How to complete this task
Output nothing but the lines from the first line of the entries to the line with "Old Copper Dragon", inclusive, exactly as they read.

(Collected data)
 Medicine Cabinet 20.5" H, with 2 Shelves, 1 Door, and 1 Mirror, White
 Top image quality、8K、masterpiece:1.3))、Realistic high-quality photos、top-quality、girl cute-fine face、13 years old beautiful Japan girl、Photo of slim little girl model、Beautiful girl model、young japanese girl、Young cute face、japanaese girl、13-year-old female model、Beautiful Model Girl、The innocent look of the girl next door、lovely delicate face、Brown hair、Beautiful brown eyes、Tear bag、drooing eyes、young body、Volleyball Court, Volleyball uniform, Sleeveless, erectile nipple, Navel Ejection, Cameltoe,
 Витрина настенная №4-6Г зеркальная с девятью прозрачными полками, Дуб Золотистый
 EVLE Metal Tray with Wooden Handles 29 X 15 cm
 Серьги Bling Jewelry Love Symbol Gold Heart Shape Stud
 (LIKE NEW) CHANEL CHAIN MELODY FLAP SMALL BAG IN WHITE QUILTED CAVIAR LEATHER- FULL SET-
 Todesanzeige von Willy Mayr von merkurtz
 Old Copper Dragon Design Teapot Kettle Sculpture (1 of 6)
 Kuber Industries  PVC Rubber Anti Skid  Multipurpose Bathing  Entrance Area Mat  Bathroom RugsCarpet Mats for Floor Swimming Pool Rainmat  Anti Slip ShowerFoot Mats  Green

Response
 Medicine Cabinet 20.5" H, with 2 Shelves, 1 Door, and 1 Mirror, White
 Top image quality、8K、masterpiece:1.3))、Realistic high-quality photos、top-quality、girl cute-fine face、13 years old beautiful Japan girl、Photo of slim little girl model、Beautiful girl model、young japanese girl、Young cute face、japanaese girl、13-year-old female model、Beautiful Model Girl、The innocent look of the girl next door、lovely delicate face、Brown hair、Beautiful brown eyes、Tear bag、drooing eyes、young body、Volleyball Court, Volleyball uniform, Sleeveless, erectile nipple, Navel Ejection, Cameltoe,
 Витрина настенная №4-6Г зеркальная с девятью прозрачными полками, Дуб Золотистый
 EVLE Metal Tray with Wooden Handles 29 X 15 cm
 Серьги Bling Jewelry Love Symbol Gold Heart Shape Stud
 (LIKE NEW) CHANEL CHAIN MELODY FLAP SMALL BAG IN WHITE QUILTED CAVIAR LEATHER- FULL SET-
 Todesanzeige von Willy Mayr von merkurtz
 Old Copper Dragon Design Teapot Kettle Sculpture (1 of 6)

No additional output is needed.